Correlation Between Dongbu Insurance and Korea Refractories
Can any of the company-specific risk be diversified away by investing in both Dongbu Insurance and Korea Refractories at the same time? Although using a correlation coefficient on its own may not help to predict future stock returns, this module helps to understand the diversifiable risk of combining Dongbu Insurance and Korea Refractories into the same portfolio, which is an essential part of the fundamental portfolio management process.

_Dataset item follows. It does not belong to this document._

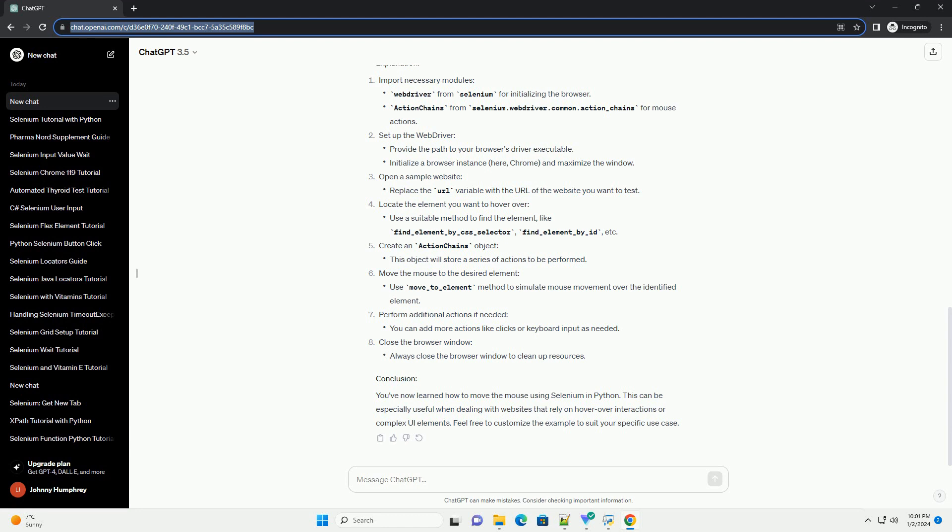Import necessary modules. Set up the web driver. Open a sample website. Locate the element you want to hover over. Create an ActionChains object. Move the mouse to the desired element. Perform additional actions if needed. Close the browser window.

By analyzing existing cross correlation between Dongbu Insurance Co and Korea Refractories Co, you can compare the effects of market volatilities on Dongbu Insurance and Korea Refractories and check how they will diversify away market risk if combined in the same portfolio for a given time horizon. You can also utilize pair trading strategies of matching a long position in Dongbu Insurance with a short position of Korea Refractories. Check out your portfolio center. Please also check ongoing floating volatility patterns of Dongbu Insurance and Korea Refractories.

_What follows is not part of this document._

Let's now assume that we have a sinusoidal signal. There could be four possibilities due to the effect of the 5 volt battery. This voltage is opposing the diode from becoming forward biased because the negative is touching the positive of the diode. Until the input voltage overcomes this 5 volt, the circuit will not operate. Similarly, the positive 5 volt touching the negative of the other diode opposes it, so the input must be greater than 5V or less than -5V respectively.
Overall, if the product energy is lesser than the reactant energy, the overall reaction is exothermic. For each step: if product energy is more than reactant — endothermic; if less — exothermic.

Diversification Opportunities for Dongbu Insurance and Korea Refractories
-0.57 | Correlation Coefficient |
Excellent diversification
The 3 months correlation between Dongbu and Korea is -0.57. Overlapping area represents the amount of risk that can be diversified away by holding Dongbu Insurance Co and Korea Refractories Co in the same portfolio, assuming nothing else is changed. The correlation between historical prices or returns on Korea Refractories and Dongbu Insurance is a relative statistical measure of the degree to which these equity instruments tend to move together. The correlation coefficient measures the extent to which returns on Dongbu Insurance Co are associated (or correlated) with Korea Refractories. Values of the correlation coefficient range from -1 to +1, where. The correlation of zero (0) is possible when the price movement of Korea Refractories has no effect on the direction of Dongbu Insurance i.e., Dongbu Insurance and Korea Refractories go up and down completely randomly.

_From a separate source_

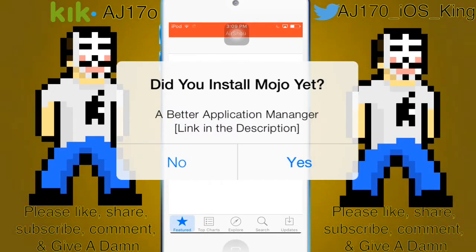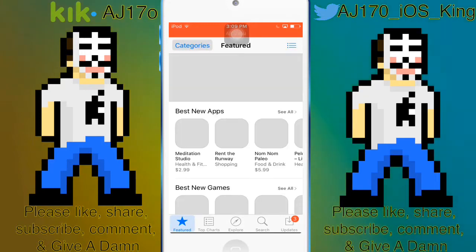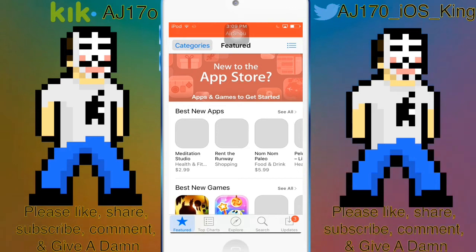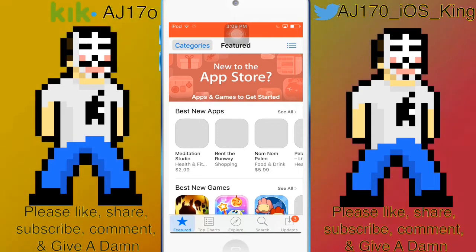What you're going to do is wait for the App Store to load completely to a hundred percent, and then you're going to want to tap Featured or Top Charts — any of those — ten times, but you have to wait for it to load completely.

Pair Corralation between Dongbu Insurance and Korea Refractories
Assuming the 90 days trading horizon Dongbu Insurance Co is expected to under-perform the Korea Refractories. In addition to that, Dongbu Insurance is 1.98 times more volatile than Korea Refractories Co. It trades about -0.05 of its total potential returns per unit of risk. Korea Refractories Co is currently generating about 0.03 per unit of volatility. If you would invest 213,990 in Korea Refractories Co on December 23, 2024 and sell it today you would earn a total of 3,510 from holding Korea Refractories Co or generate 1.64% return on investment over 90 days.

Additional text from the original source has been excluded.